The labor market isn’t everything, but it’s a lot.
In fact, if you’re trying to get a handle on the big picture, you could do a lot worse than watch the economy’s capacity for minting new jobs.
With that in mind, the optimists have another stumbling block to conquer with today’s the release of April jobs data. Nonfarm payrolls increased by a slim 88,000 last month. For those who are still counting, that’s the smallest gain since November 2004.
One month a trend does not make, of course. But the fact that the pace of creating jobs has been slowing for some time catches our attention. Consider our chart below, which shows that the net change in new nonfarm payrolls on a monthly basis has been biased to the downside for more than a few months.
No, it’s not panic time. As recent history reveals, there’s plenty of volatility in the month-to-month jobs report to allow for reasonable minds to differ. In fact, monthly gains in new jobs have fallen to the 100,000 range several times in recent years only to bounce higher shortly after, as the chart below shows. But the bounces have been getting weaker and the dips to the 100,000-net-gain range have become more frequent. In short, there’s one more reason to be wary about 2007 and the economic cycle.

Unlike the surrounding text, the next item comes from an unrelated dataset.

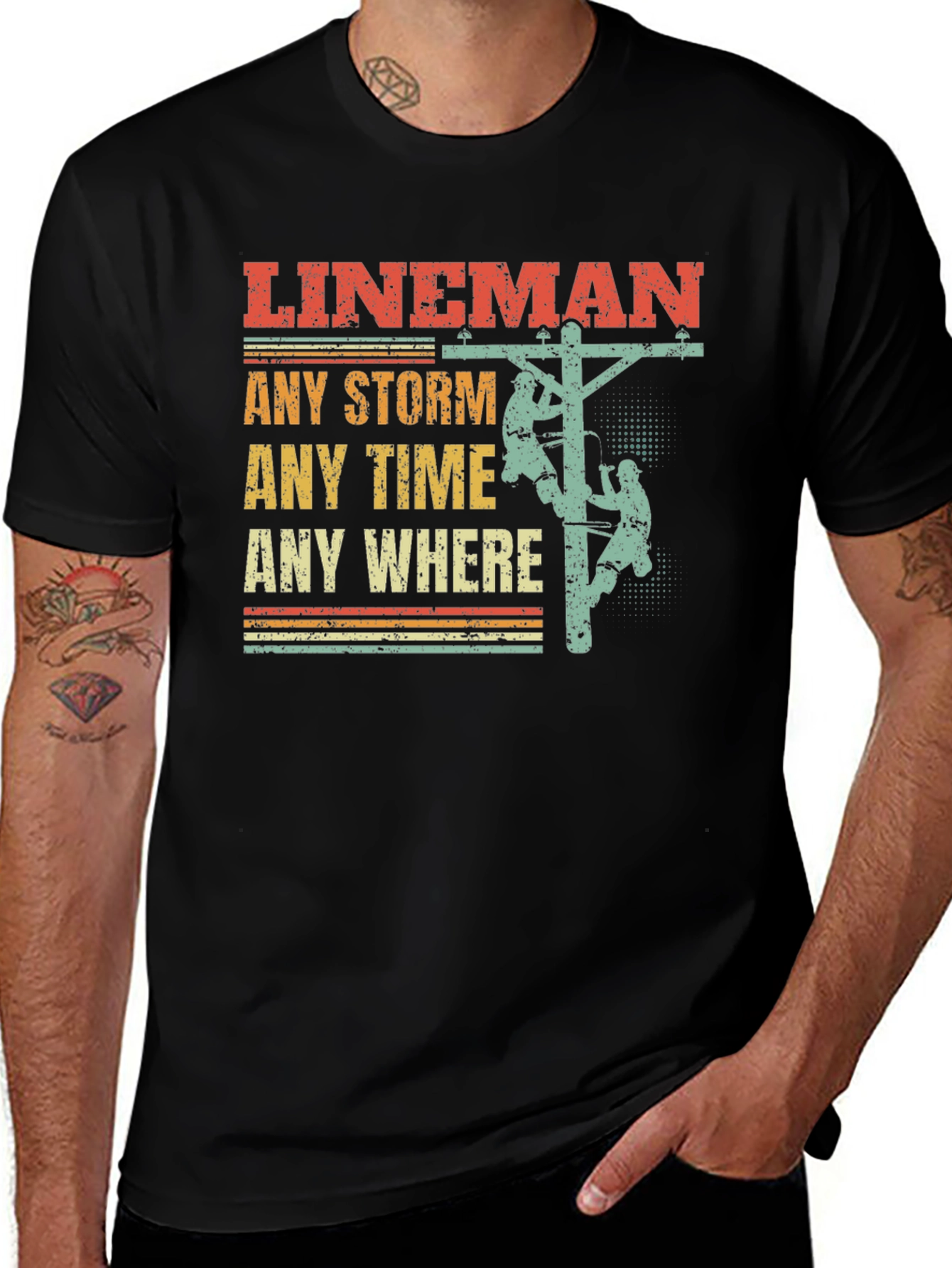 Lineman T-Shirt - Any Storm Any Time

As we’ve written recently, there are offsetting factors that support a bullish interpretation of the foreseeable future. The latest data point suggesting the economy will still bubble comes in yesterday’s update on the services sector, as profiled by the ISM Non-manufacturing index. The rebound in the services slice of the economy–which is huge–remains alive and well, according to this benchmark, and as our chart below illustrates. Ditto for the manufacturing side of the economy, a smaller but still widely monitored chunk of GDP.
So how does one square the apparent strength in manufacturing and services with the weakness in employment growth? Is the jobless recovery/growth phenomenon coming back to haunt us? Or does the slowing jobs-creation machine suggest that the economy overall is slowing and that the ISM indices will soon turn south as well?
Therein lies the debate that is at the heart of the back and forth between the bulls and the bears. For what it’s worth, the stock market is firmly in the optimist camp. The S&P 500, to cite the usual benchmark suspect, yesterday broke above 1500 for the first time since 2000. The bulls are increasingly running the show in the theater of equities, and it’s now conceivable that a new all-time high in the S&P is within reach.
But if we’re headed for new record highs, how does that compare with the trend in jobs creation, assuming it even matters. Embracing this quixotic and perhaps erroneous task, we looked at the monthly changes in net nonfarm payrolls against the S&P 500’s monthly total returns, and indexed the cumulative performance for each, beginning with a base of 100 set in January 2000, just ahead of the previous bear market (see chart below). The result (see chart below) may not be terribly insightful, but it does suggest that the stock market is increasingly predicting a future that’s diverging from events on the ground in terms of jobs creation. It remains to be seen if the divergence can last, or if it even matters.